Sementara itu, dalam Undang-undang (UU) Nomor 1 Tahun 2023 tentang Kitab Undang Undang Hukum Pidana (namun mulai berlaku efektif tahun 2026), terdapat juga beberapa pasal yang dapat menjerat pelaku penistaan agama, salah satunya diatur dalam Pasal 304.

Lalu Pasal 1 Penetapan Presiden Republik Indonesia Nomor 1/PNPS Tahun 1965 Tentang Pencegahan Penyalahgunaan Dan/Atau Penodaan Agama. Ketiga, Pasal 28 ayat (2) Undang-Undang Republik Indonesia Nomor 19 Tahun 2016 Tentang Perubahan Atas Undang-Undang Nomor 11 Tahun 2008, perlu diperhatikan dalam Lampiran SKB UU ITE bahwa perbuatan yang dilarang dalam Pasal 28 ayat (2) UU ITE motifnya membangkitkan rasa kebencian dan/atau permusuhan atas dasar SARA.

Kelima, berdasarkan seperangkat aturan apa yang disampaikan oleh Zulhas sebagai kelakar tersebut tidaklah dapat dikategorikan sebagai upaya penistaan agama karena sama sekali tidak ada motif mempengaruhi, menggerakkan masyarakat, menghasut/mengadu domba dengan tujuan menimbulkan kebencian, dan/atau permusuhan atas dasar SARA.

“Pemuda Muhamamdiyah mengimbau segenap anak bangsa untuk tidak menjadikan ini sebagai polemik yang dapat berujung pada kegaduhan dan mengusik rasa persaudaraan, terlebih jika diskursus ini ditarik ke ranah politik dan Pilpres.

Kita tentu sebagai bangsa yang memiliki nilai keluhuran yang tinggi dan keadaban maka mari kita maknai ini sebagai proses pendewasaan kita dalam beragama dan berpolitik yang rahmatan lil’alamin,” pungkas Dzulfikar.

Polemik Zulhas

Berikut pernyataan Zulhas saat menyampaikan candaan mengenai gerakan salat hingga diam usai pembacaan surat Al-Fatihah ketika salat.

Sebelumnya, Zulhas sempat mengungkapkan keheranan soal perubahan sikap akhir-akhir ini tepatnya di tahun politik.

"Saya keliling daerah, Pak Kiai.

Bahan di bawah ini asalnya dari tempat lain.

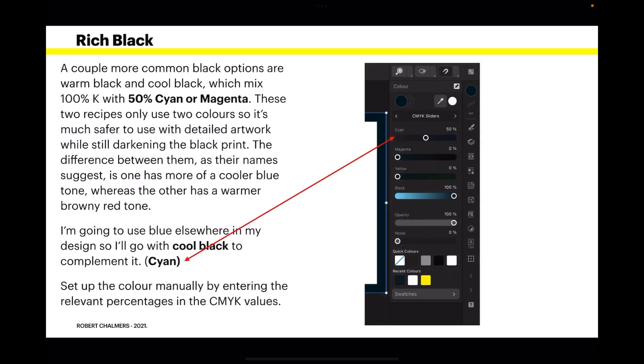A couple more common black options are warm black and cool black, which mix 100% K with 50% cyan or magenta. These two recipes use only 2 colors, so it's much safer to use with detailed artwork while still darkening the black print. The difference between them, as their names suggest, is one has more of a cooler blue tone whereas the other has a warmer browny red tone.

Sini aman, Jakarta nggak ada masalah, yang jauh-jauh ada lho yang berubah."

"Jadi kalau salat Maghrib baca, 'waladholin... ', Al-Fatihah baca 'waladholin..' Ada yang diem sekarang, pak. Lho kok lain," kata Zulhas.

"Ada yang diem sekarang banyak, saking cintanya sama Pak Prabowo itu," imbuhnya.

Adapun yang dimaksud Zulhas, kelanjutan surat Al-Fatihah itu seharusnya adalah "Amin" yang dibaca bersamaan imam dan makmumnya.

Kemudian, Zulhas juga mengatakan ada yang duduk tahiyat menunjuk menggunakan dua jari.

"Itu kalau tahiyatul akhir awalnya gini (menunjukan jari telunjuk), sekarang jadi gini (menunjukkan dua jari, telunjuk dan tengah)," ucap Zulhas terheran-heran.